• Work to be completed: In the material below, the line holding "Conjunto de Sofá" and every line after it should be reproduced exactly, please, with pictures omitted.

• Data:

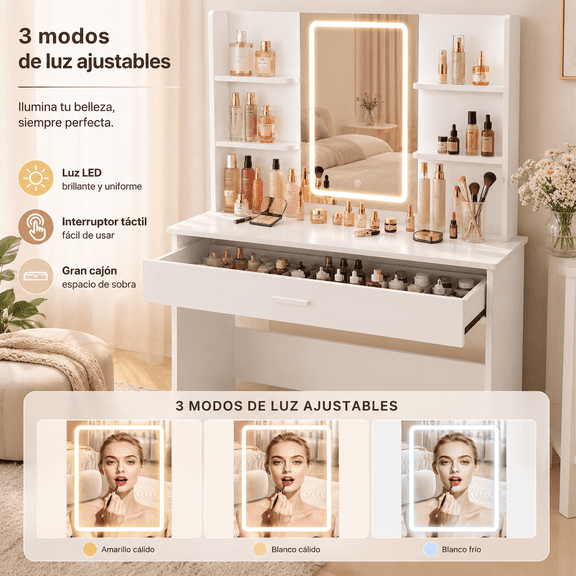 Tocador de Maquillaje, Espejo y Luces de Brillo Ajustable, Tocador con 1 cajón de Almacenamiento 6 y estantes Abiertos, Muebles de Maquillaje Modernos para Vestidor de Dormitorio (Blanco)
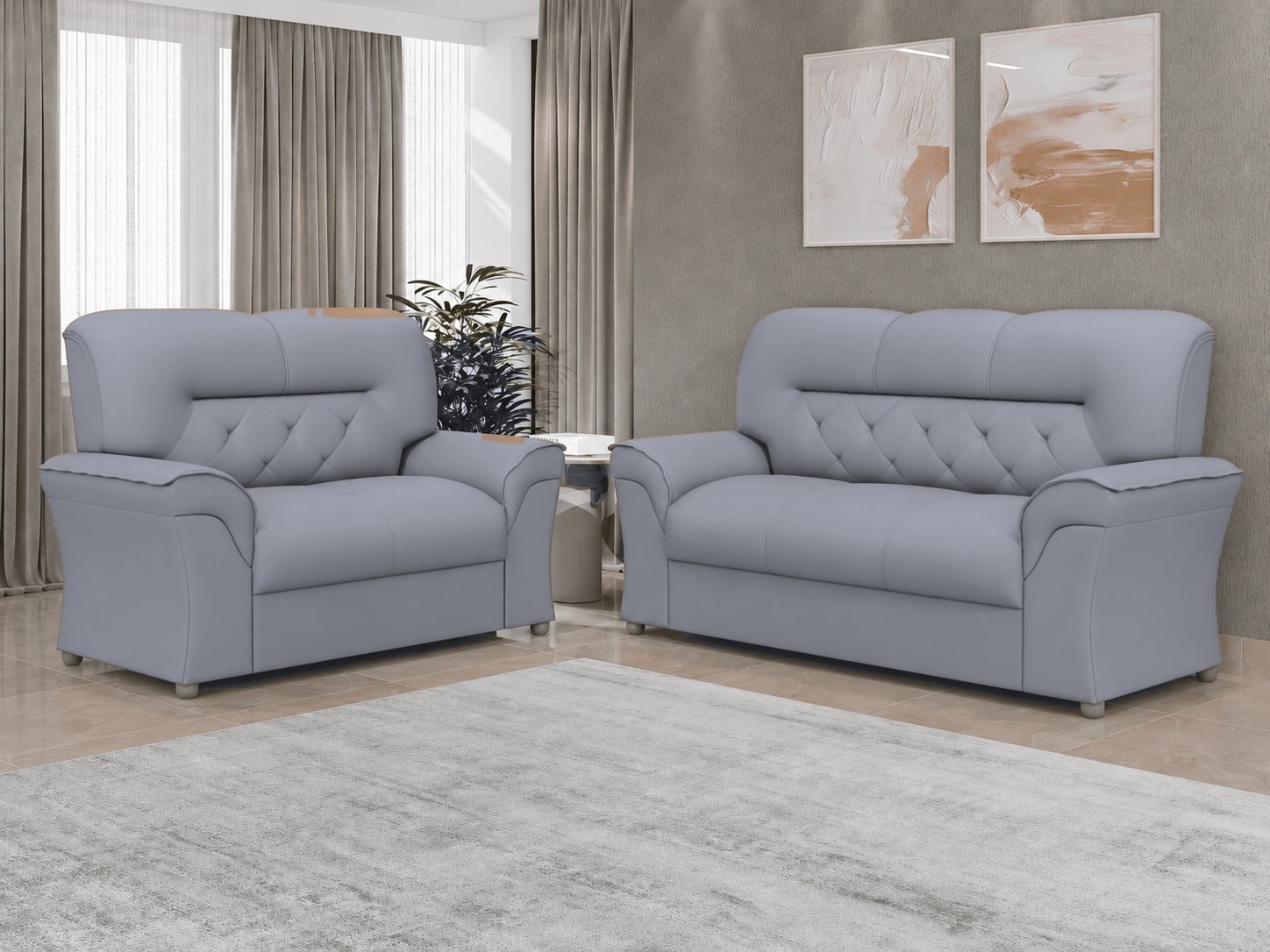 Conjunto de Sofá 2 e 3 Lugares  Lufer 2084 Caeté — 2155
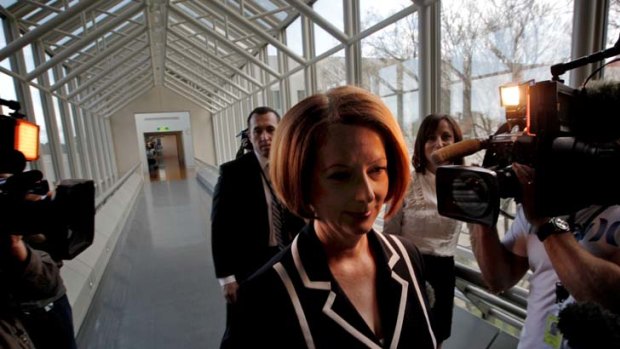 Indelible ... Julia Gillard faces the Media at Parliament House yesterday.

• Exercise answer:
 Conjunto de Sofá 2 e 3 Lugares  Lufer 2084 Caeté — 2155
 Indelible ... Julia Gillard faces the Media at Parliament House yesterday.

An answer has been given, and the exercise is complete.